İşte o an,
İşte içimde o an, çamura bulanmış arı misali, bir ses vızıldadı. Ve ben, aptal gibi, önümdeki mezar taşlarına "merhaba.." diye fısıldadım...
Tuhaf ama, iyi geldi böyle söylemek. "Merhaba anne.." dedim "merhaba baba.." Boş boş beni bekleyen üçüncü mezar taşına baktım. Hayatıma dair son cümlenin, son noktası olmak üzere, annemle babamın kıyısında öylece duruyordu. Dr. Mithat Uzak adına rezervedir, lütfen içinde ölmeyiniz diyordu millete. Ona da merhaba dedim. Bazı insanların çaresizlik anlarında hiç farkında olmadan yaptıkları gibi, yüzünle ve de gizli bir umutla gülümsedim bunu söylerken.

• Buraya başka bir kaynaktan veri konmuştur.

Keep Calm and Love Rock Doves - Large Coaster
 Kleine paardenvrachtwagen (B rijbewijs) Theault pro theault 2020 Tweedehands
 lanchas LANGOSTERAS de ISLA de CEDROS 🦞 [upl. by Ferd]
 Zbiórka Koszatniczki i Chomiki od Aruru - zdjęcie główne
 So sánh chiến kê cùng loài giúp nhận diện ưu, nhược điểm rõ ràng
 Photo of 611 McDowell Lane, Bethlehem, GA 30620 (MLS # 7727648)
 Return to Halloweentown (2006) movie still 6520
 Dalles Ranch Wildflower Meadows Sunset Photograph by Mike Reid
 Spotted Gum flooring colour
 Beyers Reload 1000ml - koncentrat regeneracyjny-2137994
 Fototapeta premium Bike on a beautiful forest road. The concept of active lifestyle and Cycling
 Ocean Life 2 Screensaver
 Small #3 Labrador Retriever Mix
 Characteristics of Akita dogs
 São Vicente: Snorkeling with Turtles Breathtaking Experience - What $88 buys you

En azından o şekilde gülümsediğimi tahmin ediyorum. Halbuki çok uzun yıllar önce böyle şeyler söylemez, mezar taşları ile konuşup aptal aptal gülmezdim. Yaşlandıkça, bütün masallara inanmaya daha meyilli hale geliyor insan. Annemle babamdan geriye kalan birkaç kömürleşmiş kemiğin, beni dinlediğini düşündüğüm oluyor. Yoksa ben de biliyorum, orada bir bok olmadığını. Hem de çoğu insanın bilemeyeceği kadar yakından, içinden, taa derinden biliyorum. Biliyorum, mezarlar da ölüler de insanları beklemez. Onları geçtim, ölüm de beklemez. Bekleyen sadece biziz, ölüme çok derin anlamlar yükleyen, başımıza gelen her haltı şiirsellikle süsleyen biziz. Kaybolup gitmeyi kabullenemeyen, hayır-hayır-biz-yok-olamayız diye deliren, direnen yine biziz. Biz... Biz, zavallılarız. Halbuki ölüm de, terlik, bardak ya da gazoz gibi sadece bir kelime en nihayetinde. Hayatta ince bir detay, zamanda küçük bir leke. Ama olmuyor işte, insan bir şekilde avunmak istiyor; küçük de olsa bir masala tutunmak istiyor.